Step 0 - Getting Starting

For the first step, it is important to look through all the files. As a reminder, you can see the various files by clicking the down arrow next to the drop file name in zybooks. You will notice there are three files that are read only. They are support files for the project but essential files. They are as follows.

Main.java

This file is the main driver for the program. If you look through it, you will notice that it process files as given to the program from the command line. What does that mean?

It means that in zybooks, you will see:

Run command
java Main Additional Arguments

Whatever you place in the Additional Arguments slot, get handed to the program as part of the String[] args parameter. In this case, we are going to type in name of files for it to read. The main program then reads the files and asks for the class you are creating, LitStats.java to collect data about those files.

What files are available?

The following files are available for you to work with.

sonnet116.txt - Shakespeare’s Sonnet 116
sonnet134.txt - Shakespeare’s Sonnet 135
gatsby.txt - the entire Great Gatsby
raven.txt - Poe’s Raven (Nevermore)
stranger.txt - the entire Stranger in a Strangeland
hp.txt - The first chapter of Harry Potter and the Sorcerer’s Stone - The boy who lived
if.txt - the poem -If

If you wish to analyze the Raven, you would modify the additional arguments as follows:

Run command
java Main raven.txt

If you wanted to look at Raven and Harry Potter it would be:

Run command
java Main raven.txt hp.txt

In the zybooks terminal you can also type

run raven.txt hp.txt

WordDictionary.java

This class is read-only, as you do not have to modify anything in the file. What it does is read in a file called dictionary.txt that is based on the alt12dicts - the same dictionaries used in many auto spell-checkers such as the one in Word. WordDictionary is taking the first word seen and associating it with the part of speech. It then allows easy access to that word. The important sections of this file for you to know are the constants at the top of the file.

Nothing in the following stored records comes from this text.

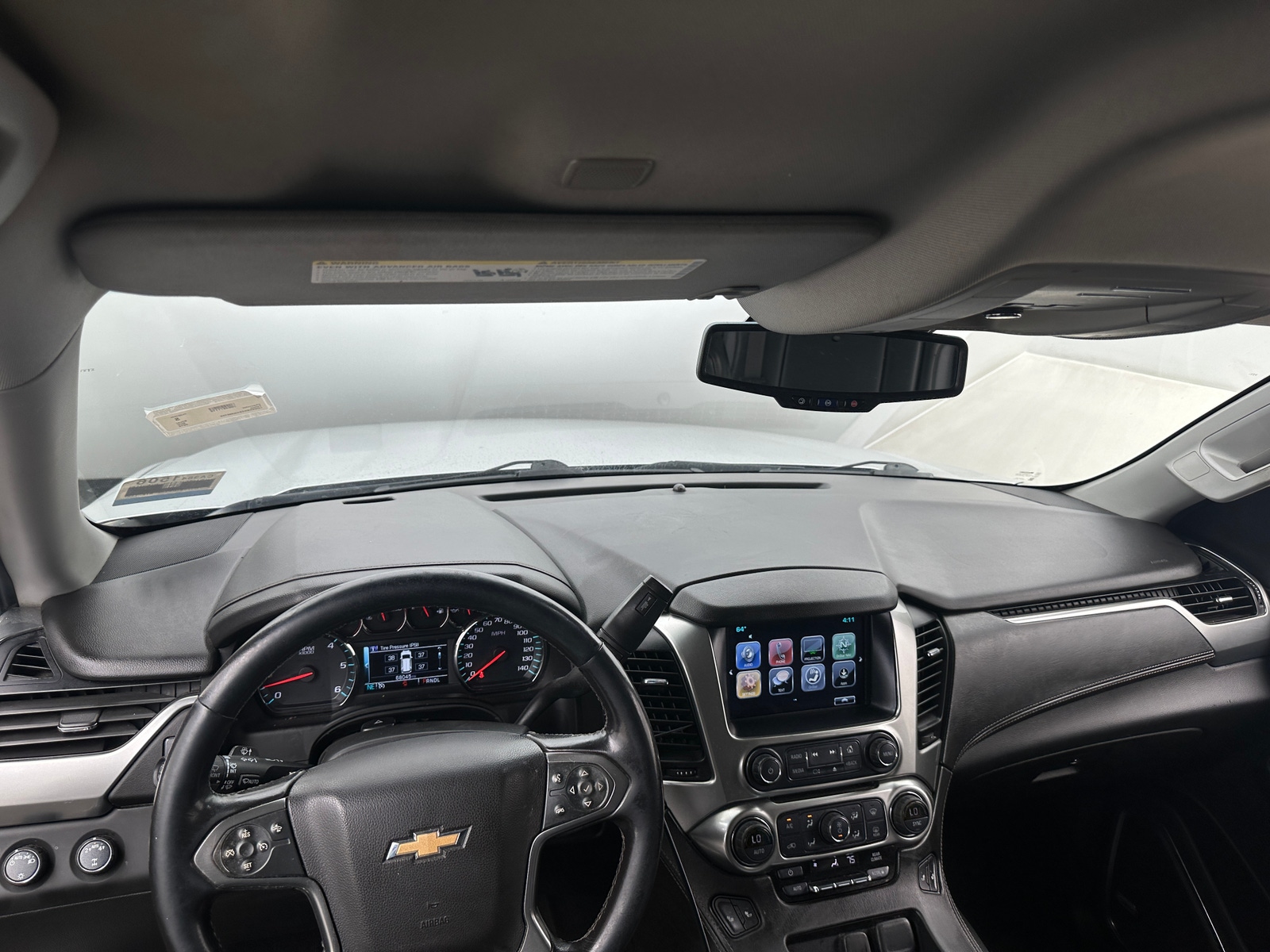 Thumbnail: 2019 Chevrolet Tahoe - 2
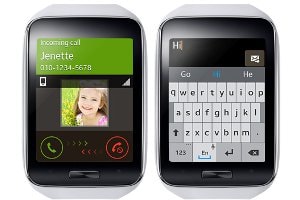 Samsung Gear S SM-R750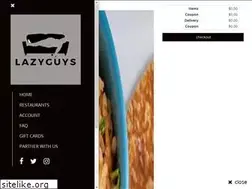 Sites similar to lazyguys.com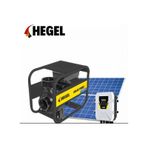 Hegel Dc Solar Salyangoz Pompa 48v 550w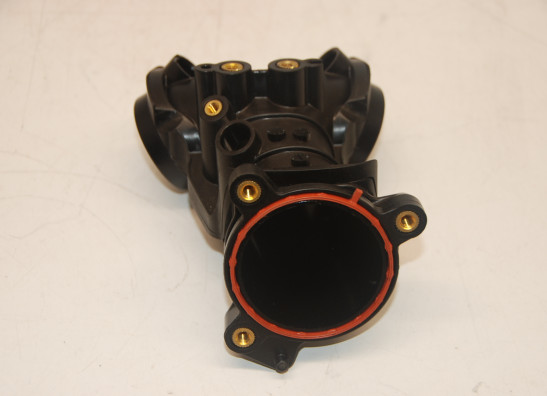 Gasklephuis Harley Davidson Softtail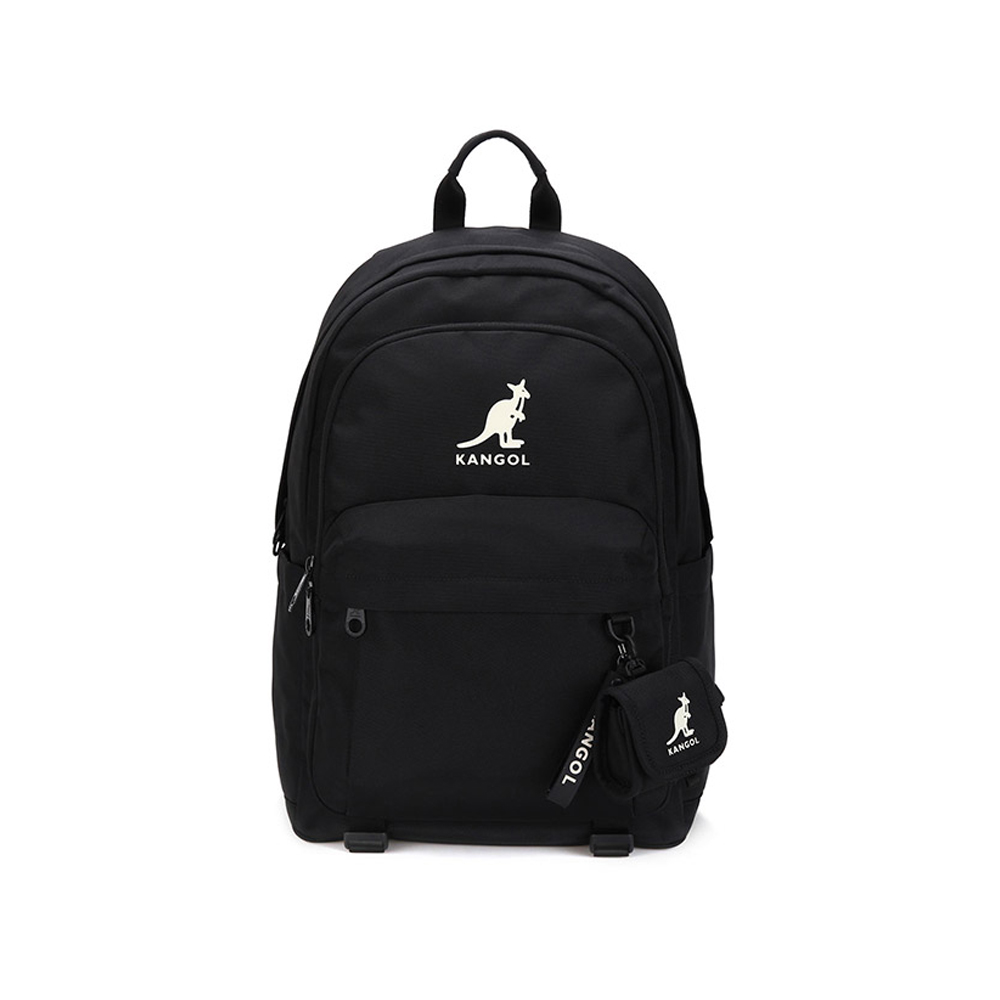 Kangol Authentic IV Backpack - Black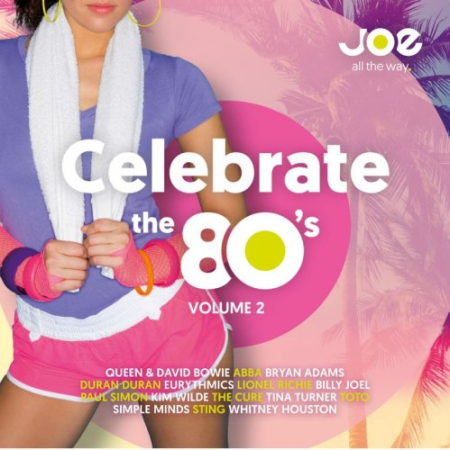 VA   Celebrate The 80s Volume 2 (2019)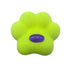 Kong AirDog Squeaky Paw Shaped Felt Fetch Dog Toy - Medium  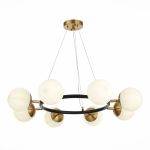 Люстры Evoluce SLE220403-08 FORLI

public static final String ADJECTIVE = "A"; //"adjective";
public static final String CONJUNCTION = "C"; //conjunction";
public static final String PRONOUN = "P"; //'"pronoun";
public static final String VERB =  "V"; //"verb";
public static final String NOUN = "N"; //"noun";
public static final String INTERJECTION = "I";
public static final String SPOKEN = "S"; // examples kinda, gonna
public static final String UNKNOWN = "xxUNKNOWNNxx";

You will end up accessing these constants by typing WordDictionary. for example:

case WordDictionary.ADJECTIVE:
  //do something 
  break;
case WordDictionary.VERB:

The other important part of WordDictionary is the method getWordType. A copy of it is here.

/**
 * Returns the type of the word based on the word passed it.
 * @param word word to check
 * @return Returns the part of speech. It will either match one of the ones listed in 
 *         the constant variables or UNKNOWN
 */
public String getWordType(String word) {
    if(dict.containsKey(word)) {
        return dict.get(word);
    }
    return UNKNOWN;
}

When called, this returns the part of speech of the passed in word (lowercase). The part of speech will match up with one of the constants above. To call this method, you will use code similar to the following (maybe not exactly).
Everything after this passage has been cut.